Don't worry fam, I got you.

https://lwn.net/ml/fedora-devel/03fbbb9a-7e74-fc49-c663-3272...

Source via: https://news.ycombinator.com/item?id=30443761

devsda · 2025-02-19T14:40:02 1739976002

Not sure what the take away is from their experience.

Is it

1. Consumer grade/crappy SSDs are still reliable enough at scale and rarely fail that it is easier to manage occasional failures ?

2. The cost of engineering effort to keep things together with crappy ssds failing often is less compared to the expensive enterprise grade hardware ?

Or is it something else ?

pjc50 · 2025-02-19T15:04:03 1739977443

Once you build a distributed system that's large, it has to tolerate routine node failures.

Once you have a fault tolerant system, and some idea of failure rates, you can then ask "is it worth having X units of less reliable hardware or Y units of more reliable hardware? How many will still be running after a year?"

You then find out that buying a few more cheap nodes compensates completely for the lower reliability.

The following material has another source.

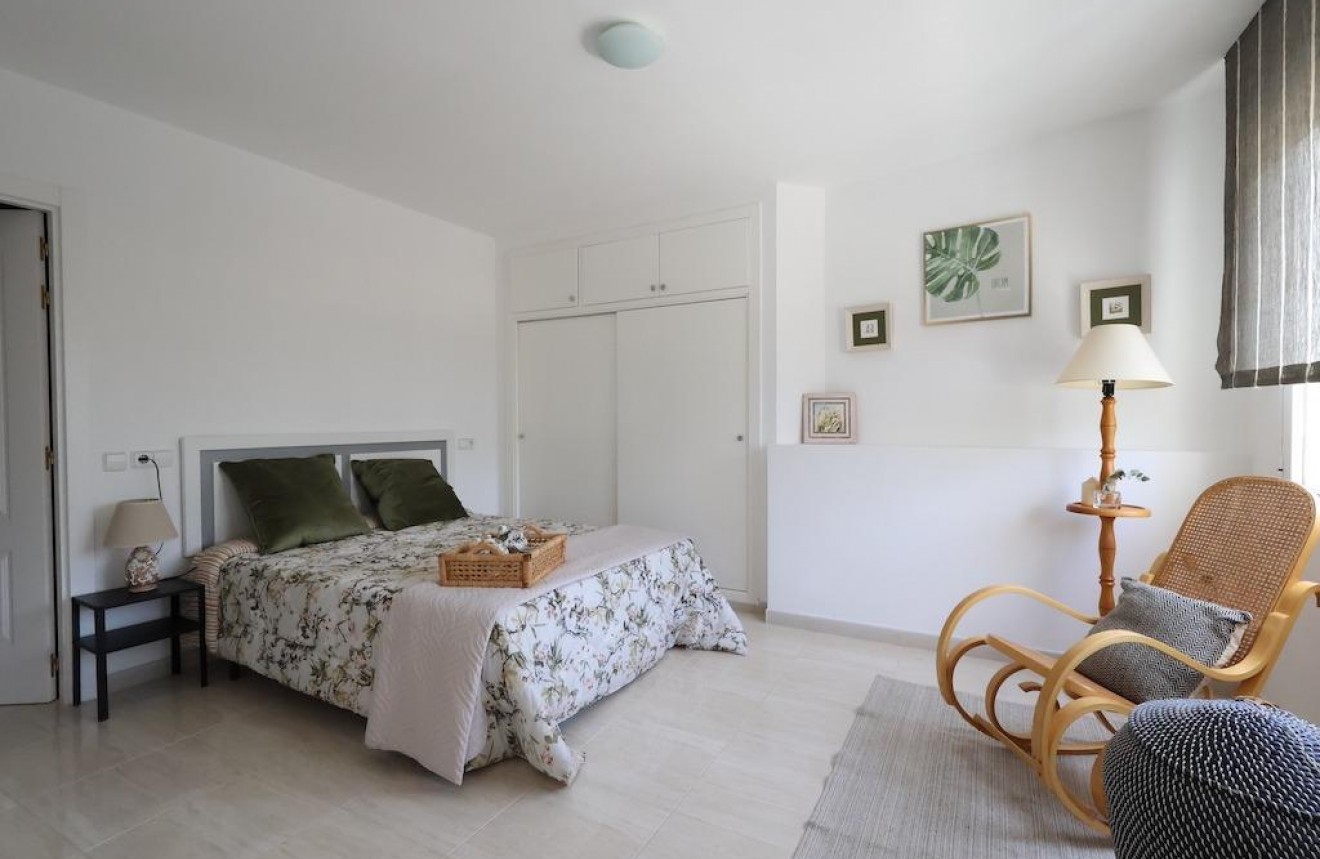 Tweedehands - Appartement / flat -
Torrevieja - Costa Blanca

nine_k · 2025-02-19T15:49:53 1739980193

One more step, and it will conjoin with Erlang's "Let it crash" approach.

snailmailstare · 2025-02-19T17:41:57 1739986917

This thread seems overly complex given that an engineer tasked with designing a RAID storage to replace an unplanned haberdashery would probably start with looking up what the requested acronym stands for.

ahartmetz · 2025-02-19T17:12:22 1739985142

> use the crappiest SSDs they can buy

That might be a bad idea, from personal experience. I bought a cheap SSD from a reputable vendor (Crucial) to upgrade someone's old laptop. Sometimes (10-20% of the time?), the laptop boots about as slowly (or worse) as with a mechanical HDD. The SSD is a model entirely without RAM cache, which seems to cause some really bad performance cliffs.

nine_k · 2025-02-19T18:41:09 1739990469

This is because you're missing the key tenet: massive parallelism. This works when you have 1000 drives, with significant data redundancy distributed among them. If two of them fail, and one of them is so slow that it can also be considered failed, it's not a big deal, you still have 997 adequately performing drives, and the system can easily handle the loss of 0.3% of the capacity.

If you only have one drive, try to make it as good as you can afford.

snailmailstare · 2025-02-20T11:51:10 1740052270

RAID expects non deterministic bad behaviors. A group of these drives receiving the same pattern of block accesses could exhibit the same behavior at the same time depending on how they were designed.. Similarly, I think it is usually done with the expectation of something worth treating as an irreversible failure, some RAIDs may perform at their worst for read when there is a slow response from a drive that isn't known to be bad, optimizing them to compete by always racing the correction with the last response would be inefficient if they weren't designed specifically for this defect.

throwaway48476 · 2025-02-19T13:57:47 1739973467

Idle spinning hard drives consumes multiple times that of idle SSDs. Over the life of the drive this becomes significant as well.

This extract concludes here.